Share your dilemmas and get honest opinions from other Mumsnetters.

to wonder why people are bothered at not getting any thing from their partners for mother's day?

60 replies

Magmar · 31/03/2014 00:39

Feeling liberated by a recent name change.

I really don't understand. My DS is 4 months old and I didn't even really give it a thought. As it was I got a card from my DH with DS's footprints on it but I am just immensely grateful that I get to celebrate mother's day at all! I am so happy that I have a gorgeous son. Surely that's what today is really about? I know DH appreciates what I do as a mother, he shows me daily how thankful he is to have us both. I don't need gifts for that.

OP posts:
Owllady · 31/03/2014 09:38

I agree with wheresmysocks and mrsjay

Tbf my lot made an effort though. My husband bought me some flowers,off him, to thank ME for being a good mum to his children.

I bought his Mum a present, because he just wouldn't. He takes her for granted and I don't like it.

Kindness comes in many forms

AlbertoFrog · 31/03/2014 09:39

Hear Hear curly.

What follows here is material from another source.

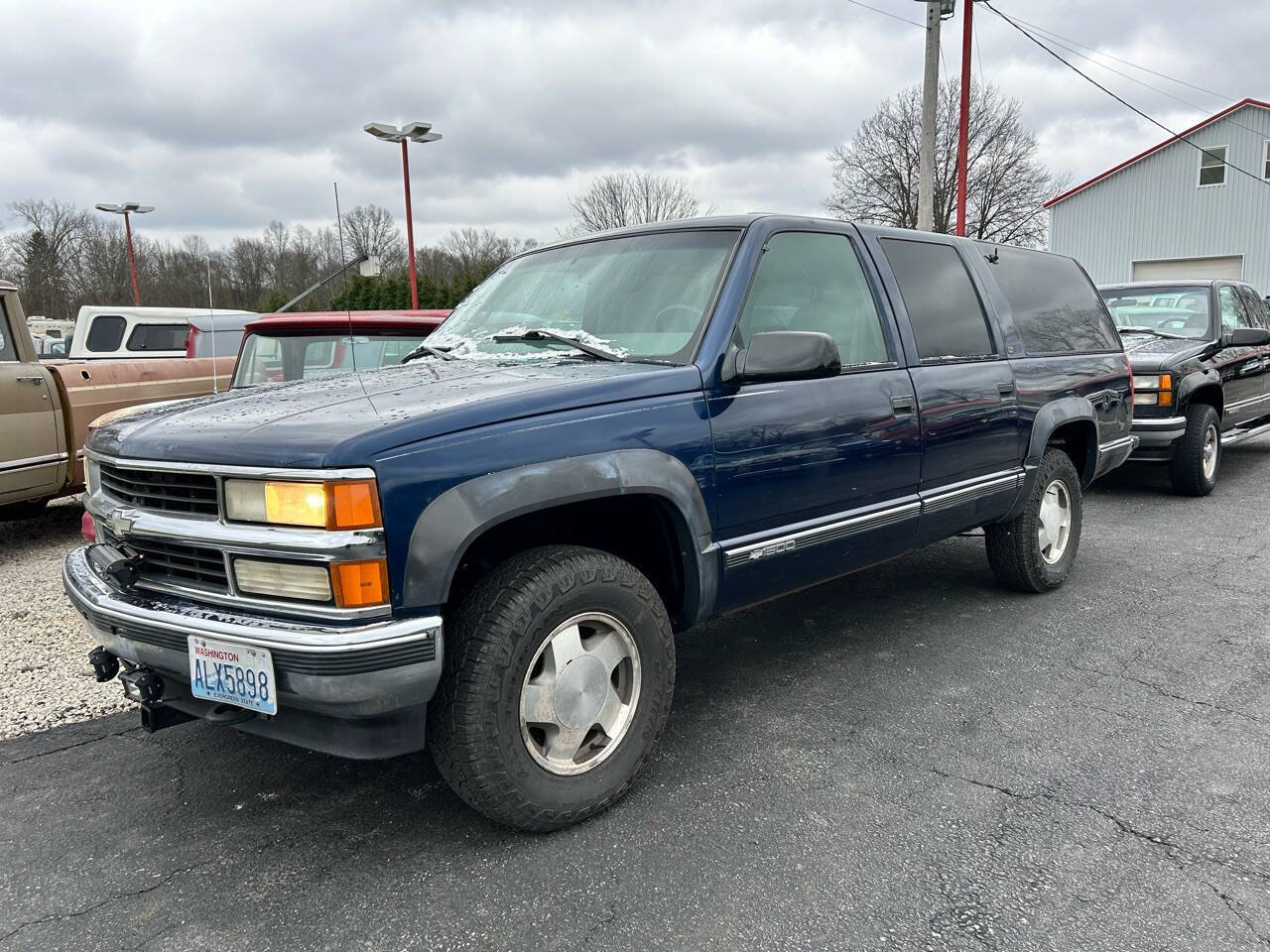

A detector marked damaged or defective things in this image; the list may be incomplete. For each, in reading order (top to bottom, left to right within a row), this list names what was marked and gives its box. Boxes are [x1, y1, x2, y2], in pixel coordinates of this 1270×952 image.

cracked pavement [2, 444, 1270, 949]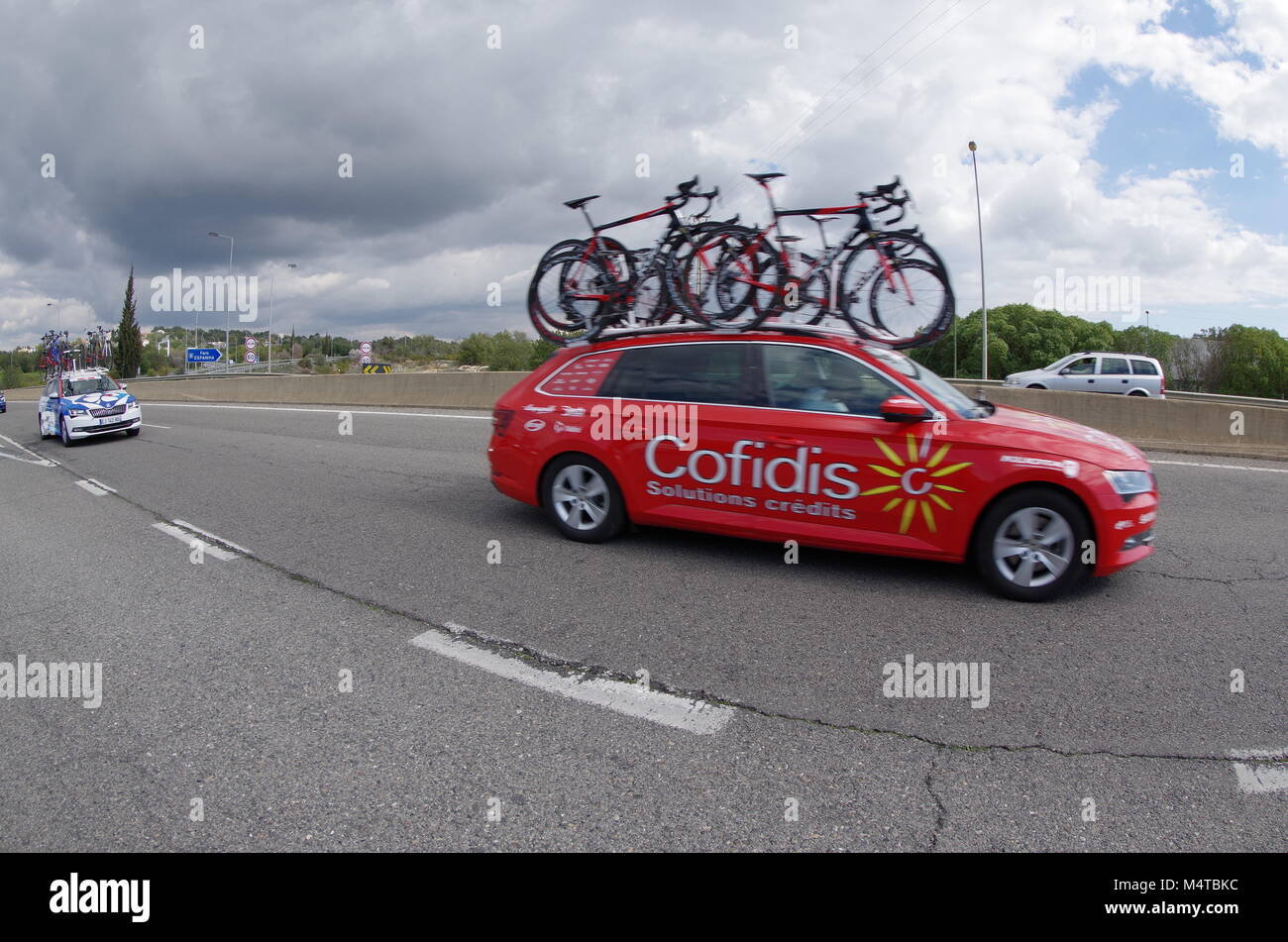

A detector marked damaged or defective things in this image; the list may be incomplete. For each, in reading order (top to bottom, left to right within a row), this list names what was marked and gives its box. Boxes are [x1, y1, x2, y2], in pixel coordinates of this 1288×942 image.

crack in asphalt [25, 435, 1282, 772]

Well put.

mrsjay · 31/03/2014 09:42

Kindness comes in many forms

ZenGardener · 31/03/2014 09:54

I think it's nice to have an excuse to have some cake and relax. My best present is definitely a lie in. My DH works away a lot so I spend a lot of time just me and the kids. It is nice to be spoilt sometimes.

mrsjay · 31/03/2014 09:58

exactly zen it is lovely of course we should feel appreciated all year blah blah but that time of the year where the family stop and put their full attention on you is nice

awaits flaming for being an attention seeker

Stinklebell · 31/03/2014 10:06

MrsJay no flaming! totally agree

I spent an awful lot of my life hunting out lost homework, picking up other peoples pants, dashing into town for random items needed for school, running Mum's Taxi and doling out money.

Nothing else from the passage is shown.